2011-04-26 Thread krad
On 26 April 2011 08:52, Polytropon free...@edvax.de wrote:

 On Mon, 25 Apr 2011 21:34:41 -0500, Antonio Olivares 
 olivares14...@gmail.com wrote:
  Thanks for sharing this.  I have a base FreeBSD 8.2 system on one
  machine and I would like to setup a firewall that allows me to visit
  websites and not allow incoming traffic.  Something easy to set up and
  start like
  /etc/local/rc.d/rc.pf start
  or similar.  A nice example which I can change somethings like name of
  network device, i.e, nv0, or similar device.
 
  I will try further reading and try to set something up as I am afraid
  to screw things up.

 You can easily do this with IPFW (from the base system)

 Step 1: Create a file /etc/ipfw.conf which will contain
 your firewall rules. Depending on what you need, try out
 something like this:

-f flush
add allow ip  from any to any
add allow tcp from any to any ftp in recv xl0
add allow tcp from any to any ssh in recv xl0
add deny  ip  from any to any

 Of course you'll have to replace xl0 with the correct
 device name; ifconfig -a will surely tell you.

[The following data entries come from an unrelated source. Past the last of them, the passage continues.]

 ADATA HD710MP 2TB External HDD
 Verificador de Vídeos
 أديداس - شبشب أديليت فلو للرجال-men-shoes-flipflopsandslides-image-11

 Please see that this is just an excerpt of an example.
 In this case, FTP and SSH should be allowed for incoming,
 everything else will be denied. If you do not want to use
 FTP - nobody seriously wants that :-) - do not enable it.
 The reference for SSH also goes to the default port, maybe
 you want to choose a different one.

 Step 2: Edit /etc/rc.conf to contain the following lines:

firewall_enable=YES
firewall_type=/etc/ipfw.conf

 Step 3: Start (or restart) the firewall:

# /etc/rc.d/ipfw start

 See the information contained in man ipfw; it's strong
 tobacco, but it provides very good knowledge about how to
 properly configure the firewall, containing examples that
 you can use for form your own rules, like allow anything
 from inside to outside, but deny any requests coming from
 outside.




 --
 Polytropon
 Magdeburg, Germany
 Happy FreeBSD user since 4.0
 Andra moi ennepe, Mousa, ...
 ___
 freebsd-questions@freebsd.org mailing list
 http://lists.freebsd.org/mailman/listinfo/freebsd-questions
 To unsubscribe, send any mail to 
 freebsd-questions-unsubscr...@freebsd.org



If you are new to firewalls and dont want to use something like pfsense, i
would stay away from ipfw (wait for flames 8) ) . This is not for any
technical reason as it is a perfectly good and well featured firewall. It is
however in my experience from a few years ago a little trickier to get the
rule orderings correct when you are natting things. Therefore I would advise
you use pf. Here is a simple starter ruleset to get you going.
Is provides no external access but you can easily uncomment the bits to
allow things through. Just drop it into /etc/pf.conf and run

echo -en pf_enable=yes\npflog_enable=yes  /etc/rc.conf.local
/etc/rc.d/pf start
/etc/rc.d/pflog start


ruleset
--
ext_if=xl0
int_if=xl1
#table sshhosts const { 1.1.1.1, 2.2.2.2 }
table internal_nets const { 192.168.0.0/16, 10.0.0.0/8, 172.16.0.0/12 }


# Options: tune the behavior of pf, default values are given.
set timeout { interval 10, frag 30 }
set timeout { tcp.first 120, tcp.opening 30, tcp.established 86400 }
set timeout { tcp.closing 900, tcp.finwait 45, tcp.closed 90 }
set timeout { udp.first 60, udp.single 30, udp.multiple 60 }
set timeout { icmp.first 20, icmp.error 10 }
set timeout { other.first 60, other.single 30, other.multiple 60 }
set timeout { adaptive.start 80, adaptive.end 120 }
set limit { states 100, frags 5, src-nodes 30 }
#set loginterface none
set optimization normal
set block-policy drop
set state-policy if-bound
set skip on lo0
#set skip on $vpn_ints


set require-order yes
set fingerprints /etc/pf.os

set skip on lo0
set skip on $int_if


# Normalization: reassemble fragments and resolve or reduce traffic
ambiguities.
scrub all random-id fragment reassemble

nat on $ext_if from internal_nets to any - ($ext_if)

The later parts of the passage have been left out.